We first consider Zoltek's objection to the district court's resolution of arguments concerning mutuality of obligation. Zoltek urged that the Supply Agreement was "unenforceable as a requirements contract due to a lack of mutuality," which is in essence an argument that SP failed to show that the Supply Agreement was supported by valid consideration. See Restatement (Second) of Contracts § 79 (1981) ("If the requirement of consideration is met, there is no additional requirement of ... `mutuality of obligation.'"); USA Chem, Inc. v. Lewis, 557 S.W.2d 15, 24 (Mo.Ct.App. 1977); Famous Brands, Inc. v. David Sherman Corp., 814 F.2d 517, 521 (8th Cir.1987). We conclude that whether or not Zoltek's contention should not have been characterized as an affirmative defense, the district court correctly ruled in the alternative that the Supply Agreement contained mutuality as a matter of law.

SP contends that our decision in Overholt Crop Ins. Serv. Co. v. Travis, 941 F.2d 1361, 1368 (8th Cir.1991), establishes that "lack of consideration" is an affirmative defense that is waived if not raised in an answer. Overholt held that it was unnecessary to reach the merits of an argument that certain restrictive covenants in a contract were "void for lack of consideration," because the defendants "waived this affirmative defense by failing to raise it in their answer, see Fed.R.Civ.P. 8(c), and by failing to identify any relevant exceptions to this general rule." Id. at 1368. Zoltek counters with our statement in First Union Nat'l Bank v. Pictet Overseas Trust Corp., 477 F.3d 616 (8th Cir.2007), that whether a contention "is an affirmative defense is a question of [ ] state law," id. at 621-22, and with Missouri authority that distinguishes between "failure of consideration," which is an affirmative defense applicable where consideration that once existed becomes worthless or non-existent, and "lack of consideration," which is an element of the claim that cannot be waived through failure to plead.

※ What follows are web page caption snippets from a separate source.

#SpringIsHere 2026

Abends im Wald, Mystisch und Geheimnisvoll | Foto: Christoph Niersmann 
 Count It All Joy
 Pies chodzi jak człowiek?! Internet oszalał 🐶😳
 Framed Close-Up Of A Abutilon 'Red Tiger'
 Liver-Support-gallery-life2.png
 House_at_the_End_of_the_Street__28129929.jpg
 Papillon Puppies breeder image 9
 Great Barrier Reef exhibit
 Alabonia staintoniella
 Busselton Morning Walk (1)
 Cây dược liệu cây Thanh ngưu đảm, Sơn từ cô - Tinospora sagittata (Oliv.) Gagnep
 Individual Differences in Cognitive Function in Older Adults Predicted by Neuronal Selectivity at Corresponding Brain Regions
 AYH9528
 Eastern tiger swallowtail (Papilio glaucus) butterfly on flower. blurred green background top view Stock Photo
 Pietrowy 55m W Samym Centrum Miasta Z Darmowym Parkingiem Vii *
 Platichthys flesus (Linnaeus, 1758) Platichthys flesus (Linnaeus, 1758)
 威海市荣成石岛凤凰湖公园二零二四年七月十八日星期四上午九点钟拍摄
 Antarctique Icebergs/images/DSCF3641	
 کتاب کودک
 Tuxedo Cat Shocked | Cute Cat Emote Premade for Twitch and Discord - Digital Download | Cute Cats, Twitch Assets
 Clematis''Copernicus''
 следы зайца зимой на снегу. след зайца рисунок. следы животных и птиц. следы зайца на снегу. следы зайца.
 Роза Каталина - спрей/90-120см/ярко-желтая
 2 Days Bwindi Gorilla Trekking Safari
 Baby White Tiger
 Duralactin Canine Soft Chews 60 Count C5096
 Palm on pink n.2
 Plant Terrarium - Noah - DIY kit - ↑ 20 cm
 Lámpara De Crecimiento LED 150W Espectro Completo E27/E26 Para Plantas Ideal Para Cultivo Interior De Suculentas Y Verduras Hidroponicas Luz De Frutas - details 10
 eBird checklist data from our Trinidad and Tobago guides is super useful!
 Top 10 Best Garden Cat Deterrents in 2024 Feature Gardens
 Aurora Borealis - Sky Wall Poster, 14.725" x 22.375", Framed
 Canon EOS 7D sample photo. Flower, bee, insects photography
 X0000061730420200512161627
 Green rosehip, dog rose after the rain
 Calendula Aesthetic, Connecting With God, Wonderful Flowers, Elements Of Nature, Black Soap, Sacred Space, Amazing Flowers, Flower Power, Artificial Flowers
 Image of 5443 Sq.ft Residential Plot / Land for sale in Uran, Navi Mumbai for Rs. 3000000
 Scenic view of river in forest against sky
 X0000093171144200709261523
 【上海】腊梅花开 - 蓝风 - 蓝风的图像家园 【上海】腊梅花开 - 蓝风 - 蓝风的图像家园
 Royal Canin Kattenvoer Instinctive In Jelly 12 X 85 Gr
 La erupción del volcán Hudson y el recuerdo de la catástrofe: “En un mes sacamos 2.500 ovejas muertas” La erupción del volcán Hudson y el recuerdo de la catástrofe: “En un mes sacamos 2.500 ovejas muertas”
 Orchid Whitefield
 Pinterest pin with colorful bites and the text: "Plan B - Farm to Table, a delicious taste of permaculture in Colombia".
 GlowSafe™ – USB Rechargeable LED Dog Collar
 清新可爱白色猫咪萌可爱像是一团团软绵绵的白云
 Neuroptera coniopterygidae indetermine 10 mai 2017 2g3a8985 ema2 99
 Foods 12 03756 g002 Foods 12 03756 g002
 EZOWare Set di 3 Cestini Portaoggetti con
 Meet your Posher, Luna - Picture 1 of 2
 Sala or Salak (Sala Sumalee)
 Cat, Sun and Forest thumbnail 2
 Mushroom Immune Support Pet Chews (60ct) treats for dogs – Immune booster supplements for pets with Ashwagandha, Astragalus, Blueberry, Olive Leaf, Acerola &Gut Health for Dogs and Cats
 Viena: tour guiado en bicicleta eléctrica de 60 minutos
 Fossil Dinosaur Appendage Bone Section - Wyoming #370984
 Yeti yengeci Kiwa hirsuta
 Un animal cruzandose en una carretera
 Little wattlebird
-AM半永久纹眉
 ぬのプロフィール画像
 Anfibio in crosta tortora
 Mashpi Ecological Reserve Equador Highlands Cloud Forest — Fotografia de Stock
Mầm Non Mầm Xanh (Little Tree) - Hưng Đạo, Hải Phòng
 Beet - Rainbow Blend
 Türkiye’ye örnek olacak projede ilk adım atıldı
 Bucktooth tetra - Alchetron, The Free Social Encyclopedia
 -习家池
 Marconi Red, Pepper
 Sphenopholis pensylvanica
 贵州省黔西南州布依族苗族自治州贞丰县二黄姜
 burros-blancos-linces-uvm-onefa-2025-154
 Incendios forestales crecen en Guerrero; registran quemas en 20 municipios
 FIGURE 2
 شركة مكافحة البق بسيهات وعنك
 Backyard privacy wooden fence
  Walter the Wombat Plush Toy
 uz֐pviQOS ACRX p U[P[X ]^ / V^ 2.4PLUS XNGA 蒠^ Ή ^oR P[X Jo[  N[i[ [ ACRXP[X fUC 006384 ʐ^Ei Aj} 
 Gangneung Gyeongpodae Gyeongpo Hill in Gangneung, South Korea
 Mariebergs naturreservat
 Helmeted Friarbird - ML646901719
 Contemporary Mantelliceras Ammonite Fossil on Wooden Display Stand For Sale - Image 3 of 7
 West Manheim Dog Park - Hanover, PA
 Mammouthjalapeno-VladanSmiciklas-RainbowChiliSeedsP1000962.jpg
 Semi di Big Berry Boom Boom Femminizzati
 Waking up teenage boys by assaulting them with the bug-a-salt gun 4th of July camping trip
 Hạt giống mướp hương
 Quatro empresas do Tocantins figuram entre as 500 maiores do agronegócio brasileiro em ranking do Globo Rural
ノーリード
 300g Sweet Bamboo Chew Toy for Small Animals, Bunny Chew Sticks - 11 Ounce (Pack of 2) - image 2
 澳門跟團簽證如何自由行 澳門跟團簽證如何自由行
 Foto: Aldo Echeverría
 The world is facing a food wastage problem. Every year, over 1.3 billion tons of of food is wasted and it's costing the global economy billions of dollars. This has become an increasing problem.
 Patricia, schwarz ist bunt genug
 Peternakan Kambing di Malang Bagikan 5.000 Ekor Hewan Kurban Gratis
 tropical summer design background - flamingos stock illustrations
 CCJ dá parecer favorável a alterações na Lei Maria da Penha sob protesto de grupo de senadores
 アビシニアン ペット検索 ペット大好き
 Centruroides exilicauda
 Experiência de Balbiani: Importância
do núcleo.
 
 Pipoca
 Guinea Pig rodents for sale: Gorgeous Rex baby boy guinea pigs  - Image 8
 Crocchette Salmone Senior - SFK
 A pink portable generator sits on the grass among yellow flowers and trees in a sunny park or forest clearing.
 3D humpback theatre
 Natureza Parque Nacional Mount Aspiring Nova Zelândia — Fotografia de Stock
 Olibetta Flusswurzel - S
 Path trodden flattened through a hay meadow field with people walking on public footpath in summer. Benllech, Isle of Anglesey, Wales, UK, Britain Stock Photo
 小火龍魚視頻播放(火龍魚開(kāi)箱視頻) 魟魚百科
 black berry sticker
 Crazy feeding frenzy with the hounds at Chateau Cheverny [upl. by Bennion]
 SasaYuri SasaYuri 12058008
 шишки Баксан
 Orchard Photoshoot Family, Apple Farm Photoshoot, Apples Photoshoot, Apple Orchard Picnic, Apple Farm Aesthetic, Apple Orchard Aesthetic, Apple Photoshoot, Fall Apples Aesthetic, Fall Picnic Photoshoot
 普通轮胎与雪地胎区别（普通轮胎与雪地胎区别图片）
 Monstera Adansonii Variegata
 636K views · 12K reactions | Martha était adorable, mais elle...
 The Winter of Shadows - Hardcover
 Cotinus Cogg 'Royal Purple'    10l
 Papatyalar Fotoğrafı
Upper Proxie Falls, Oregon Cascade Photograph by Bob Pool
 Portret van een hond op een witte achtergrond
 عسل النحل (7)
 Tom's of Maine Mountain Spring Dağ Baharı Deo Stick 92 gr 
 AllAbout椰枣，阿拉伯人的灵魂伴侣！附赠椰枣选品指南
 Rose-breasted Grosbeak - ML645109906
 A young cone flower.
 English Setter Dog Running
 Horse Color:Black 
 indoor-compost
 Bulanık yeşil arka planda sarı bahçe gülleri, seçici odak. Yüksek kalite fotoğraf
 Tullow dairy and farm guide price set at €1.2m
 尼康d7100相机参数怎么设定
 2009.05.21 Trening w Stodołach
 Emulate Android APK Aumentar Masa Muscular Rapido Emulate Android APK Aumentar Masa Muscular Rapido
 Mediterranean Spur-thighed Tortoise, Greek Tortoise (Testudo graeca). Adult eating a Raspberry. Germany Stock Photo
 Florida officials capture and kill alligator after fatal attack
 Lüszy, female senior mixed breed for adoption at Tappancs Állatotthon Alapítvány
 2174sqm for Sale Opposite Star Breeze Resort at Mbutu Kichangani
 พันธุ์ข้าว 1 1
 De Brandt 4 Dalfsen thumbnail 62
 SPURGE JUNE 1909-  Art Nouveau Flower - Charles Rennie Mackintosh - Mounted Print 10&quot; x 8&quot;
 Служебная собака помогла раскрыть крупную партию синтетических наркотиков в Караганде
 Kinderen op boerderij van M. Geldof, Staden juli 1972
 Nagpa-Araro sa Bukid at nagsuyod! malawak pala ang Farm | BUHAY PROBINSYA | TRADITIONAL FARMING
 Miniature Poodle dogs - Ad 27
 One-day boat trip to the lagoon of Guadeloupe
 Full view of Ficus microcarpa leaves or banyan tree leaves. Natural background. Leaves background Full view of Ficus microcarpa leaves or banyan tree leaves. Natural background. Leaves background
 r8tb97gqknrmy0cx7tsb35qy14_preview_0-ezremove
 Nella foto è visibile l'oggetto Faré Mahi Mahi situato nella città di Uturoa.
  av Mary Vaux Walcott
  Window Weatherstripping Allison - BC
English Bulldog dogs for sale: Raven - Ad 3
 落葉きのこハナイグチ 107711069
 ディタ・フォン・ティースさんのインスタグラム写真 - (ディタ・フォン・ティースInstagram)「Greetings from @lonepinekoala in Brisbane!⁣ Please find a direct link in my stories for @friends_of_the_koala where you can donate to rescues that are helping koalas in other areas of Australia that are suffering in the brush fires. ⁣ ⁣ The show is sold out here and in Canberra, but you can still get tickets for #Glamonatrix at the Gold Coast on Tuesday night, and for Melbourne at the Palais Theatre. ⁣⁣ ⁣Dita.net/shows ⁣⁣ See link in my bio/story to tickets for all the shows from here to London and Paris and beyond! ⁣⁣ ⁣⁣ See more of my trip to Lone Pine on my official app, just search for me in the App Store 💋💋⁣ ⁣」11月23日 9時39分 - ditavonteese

Ennis v. McLaggan, 608 S.W.2d 557, 561 (Mo.Ct.App. 1980); MFA Inc. v. Dettler, 817 S.W.2d 658, 663 (Mo.Ct.App.1991).

Assuming for the sake of argument that Zoltek's argument regarding lack of consideration need not be pleaded as an affirmative defense, we agree with the district court that the Supply Agreement was supported by adequate consideration as a matter of law. Under Missouri law, "whether consideration is sufficient to establish a contract is normally a question of law for the court and not a question of fact for the jury." Allison v. Agribank, FCB, 949 S.W.2d 182, 188 (Mo.Ct.App. 1997). Missouri law long has followed a rule that "[w]hen a party relies upon a writing or a number of writings to establish a contract, it is unquestionably the province of the court to determine from the writing or writings whether or not a contract was entered into." Nelson v. Cal Hirsch & Sons' Iron & Rail Co., 102 Mo. App. 498, 77...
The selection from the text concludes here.